Até aí, os argumentos do sim prenderam-se com a liberdade individual dos doentes – com José Manuel Pureza a acusar os partidos contra de quererem “tornar [os cidadãos] prisioneiros de uma vida biológica que espezinha a vida biográfica” –, com a errada criminalização de um “ato de bondade” – defendido por André Silva do PAN ao dizer que “ser-se contra a despenalização da eutanásia é continuar a defender que um ato de bondade é um ato punível” –, que é um tema “incontornável há vários anos” – como disse Maria Antónia Almeida Santos, do PS – ou que não se iria “retirar um cêntimo que seja aos cuidados paliativos” – como disse Heloísa Apolónia.

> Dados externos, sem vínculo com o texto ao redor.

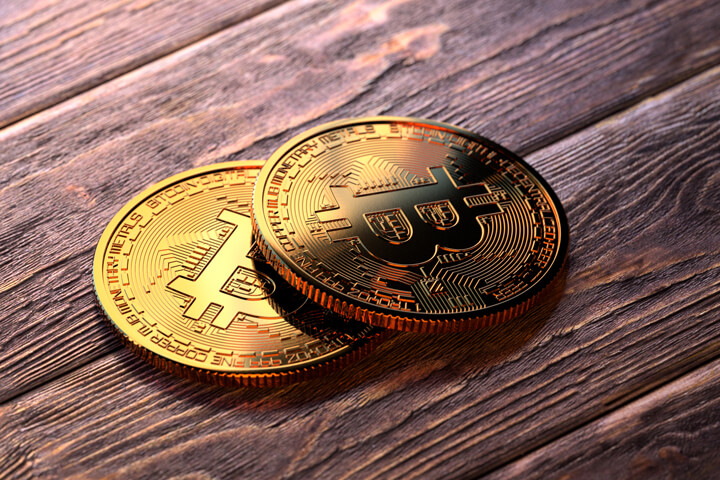 Two Bitcoins on stained wood floor reflecting window light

Por outro lado, o CDS contrapôs à ideia de liberdade individual que ao estarem envolvidos terceiros na decisão, seja médicos, enfermeiros ou até a comissão que autoriza o pedido, são estes “quem vai decidir sobre um qualquer pedido e quem executa a morte”, pondo em causa os “mais vulneráveis”. “Porquê votar más leis, com tantos riscos e dúvidas, e ainda por cima sem mandato dos eleitores, que estão de certa forma a ser atraiçoados?”, questionou Isabel Galriça Neto. Um argumento também defendido por Fernando Negrão, líder da bancada do PSD, ao dizer que “em matérias da dimensão” da eutanásia, “não podemos, nem devemos, apanhar os portugueses de surpresa”.